Technology

UK Government announces plans to establish competitive carbon capture market

The UK Energy Secretary has revealed plans to make the country a global market for carbon capture, usage and storage (CCUS) by the year 2035.

carbon captureThe strategy – entitled CCUS Vision – outlines the UK's roadmap for evolving from initial projects supported by government backing to establishing a competitive market in this sector. This means that UK companies will compete to construct carbon capture facilities and sell their services across the globe.

This marks the most recent advancement in implementing the recently revealed £20 billion investment for the development of CCUS technologies. The goal is to store 20-30 million tonnes of CO2 annually by 2030, fostering the creation of 50,000 jobs by the same year.

CCUS Vision involves several measures to assist the Government in achieving this goal, which include:

Shifting to a competitive allocation process for carbon capture projects starting in 2027 to accelerate the growth of the UK's CCUS sector.

Establishing conditions for projects unable to transport CO2 via pipelines to participate in the market from 2025 onward, utilising alternative modes of transport such as shipping, road, and rail.

Launching a working group led by industry to identify and adopt solutions to reduce the cost of capturing CO2.

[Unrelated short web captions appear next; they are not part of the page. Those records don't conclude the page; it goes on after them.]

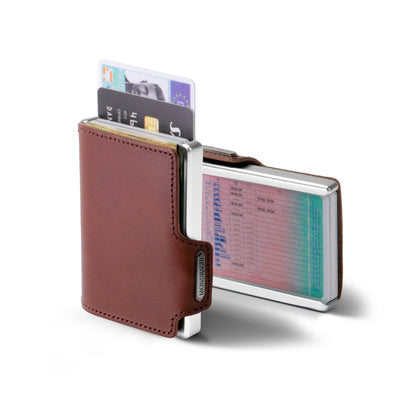 Mondraghi - Elegance Mini-Wallet (Made in Italy).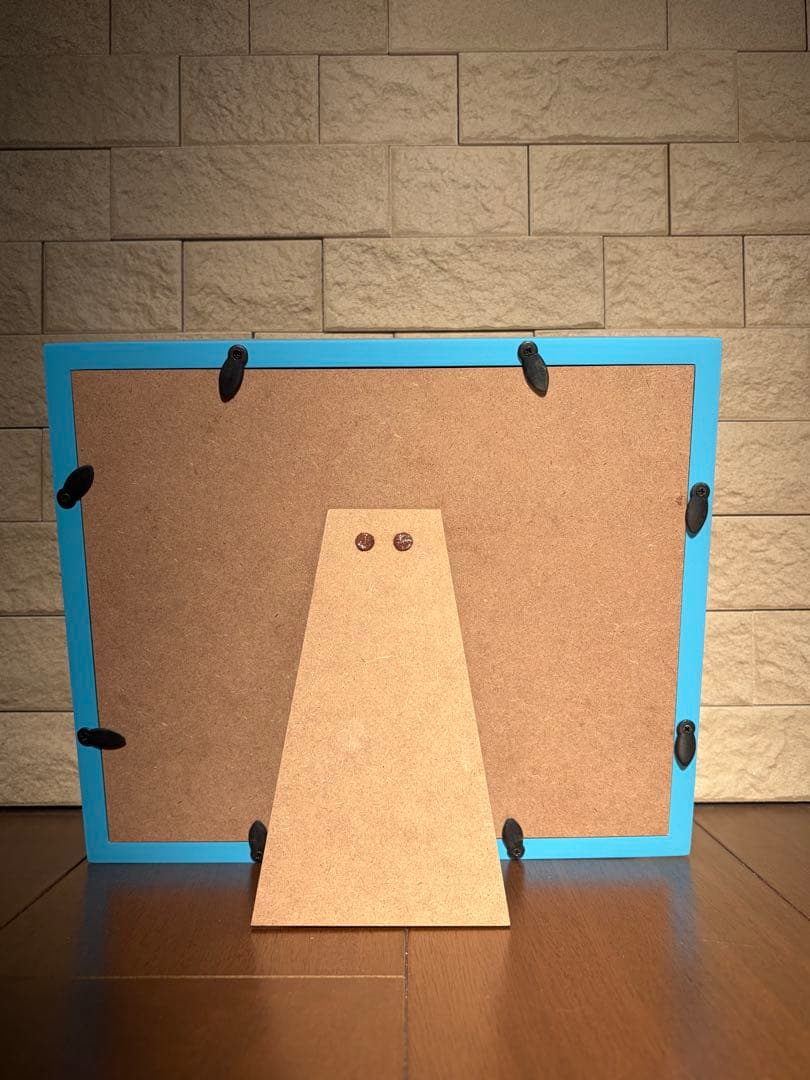 東京ディズニーシー 10周年 ピンバッジ アートフレーム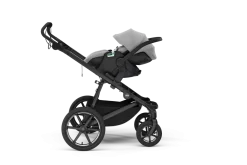Thule Baby Autostoelen * Autostoel Maple i-Size Light Grey Grijs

The Government claims that the plan is anticipated to boost the UK economy by £5 billion each year by 2050, making the UK a “pioneer” in this kind of technology whilst assisting in the drive towards net zero.

Commenting on the plans, Energy Security Secretary Claire Coutinho said: “Thanks to the UK’s geology, skills and infrastructure, we are in a unique position to lead the way on carbon capture technologies.
“That is why we’re making one of the biggest funding commitments in Europe on carbon capture that will cut emissions from our atmosphere, while unlocking investment, creating tens of thousands of jobs and growing the UK economy.”

Energy efficiency and Green Finance Minister Lord Callanan added: “We need pragmatic answers to the carbon challenge, and with our infrastructure, skills and geology, the UK is in pole position to take advantage of game-changing carbon capture and storage technology.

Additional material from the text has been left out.